La production du haut barrage s'ajoute à celle des anciennes centrales électriques de la vallée du Nil. En outre l'effort de production énergétique a conduit l'Egypte à diversifier ses ressources en électricité. Quatre centrales thermiques fonctionnant au fuel ont été concentrées autour du Caire, cinq près d'Alexandrie et trois le long du canal.
L'électricité d'origine nucléaire a suscité la construction d'une centrale à Sidi-Kreir, dans le Delta, où l'Egypte projette l'installation d'une autre centrale à el-Daba. Une troisième est projetée à Hourghada, sur la mer Rouge.
La découverte de pétrole dans le Sinaï et dans le désert Libyque dans les années 1970 a définitivement assis la position énergétique du pays. Le pétrole national satisfait une part importante de la consommation égyptienne. Il est aussi devenu le premier poste d'exportation, dépassant même le coton.
Par ailleurs, le gisement de gaz naturel atteint par des forages dans la dépression de Kattara expédie son méthane par gazoduc vers les usines de la banlieue cairote.

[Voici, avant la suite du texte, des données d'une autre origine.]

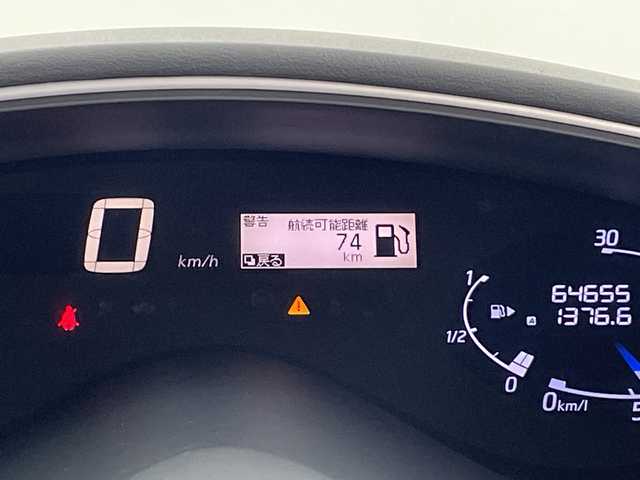 日産 セレナ ハイウェイS S HV Aセーフ 鹿児島県 2014(平26)年 6.5万km ダイヤモンドブラック 純正SDナビ/（AM/FM/CD/DVD/Bluetooth）/フルセグテレビ/アラウンドビューモニター/クルーズコントロール/片側パワースライドドア /ドライブレコーダー/ETC/純正フロアマット/LEDヘッドライト/純正AW16インチ/LEDヘッドライト/スマートキー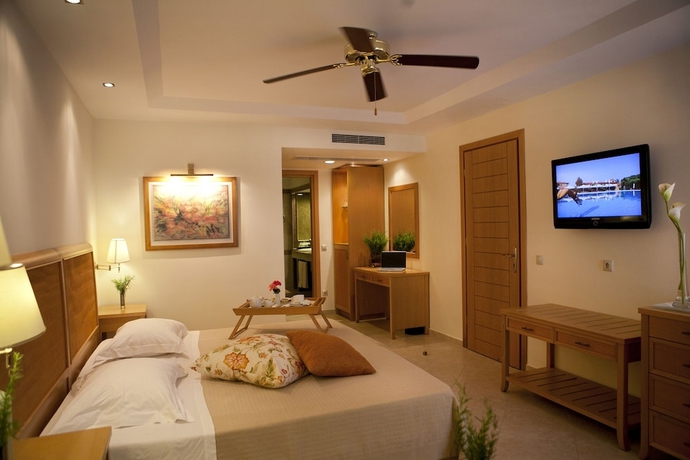 Imagen de la habitación del Hotel G&Eta;otels Theophano Imperial Palace. Foto 13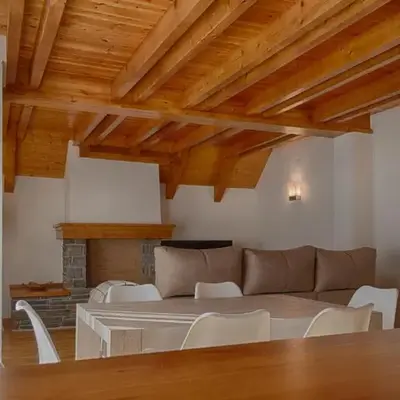 Saplan Real Estate LAUJÒ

Consciente de la nécessité où elle se trouve de développer ses ressources en hydrocarbures, l'Egypte multiplie les permis de recherche. Elle envisage la construction, sur la rive orientale de la mer Rouge, d'un vaste complexe à el-Tûr, la cité-champignon du pétrole, ainsi que autour d'el-Arich. Près de cette dernière ville sera mise en service une centrale thermique alimentée en eau par des retenues recueillant les précipitations saisonnières du mont Sinaï.
D'ores et déjà, l'Egypte est l'un des pays les mieux lotis du continent africain sur le plan énergétique.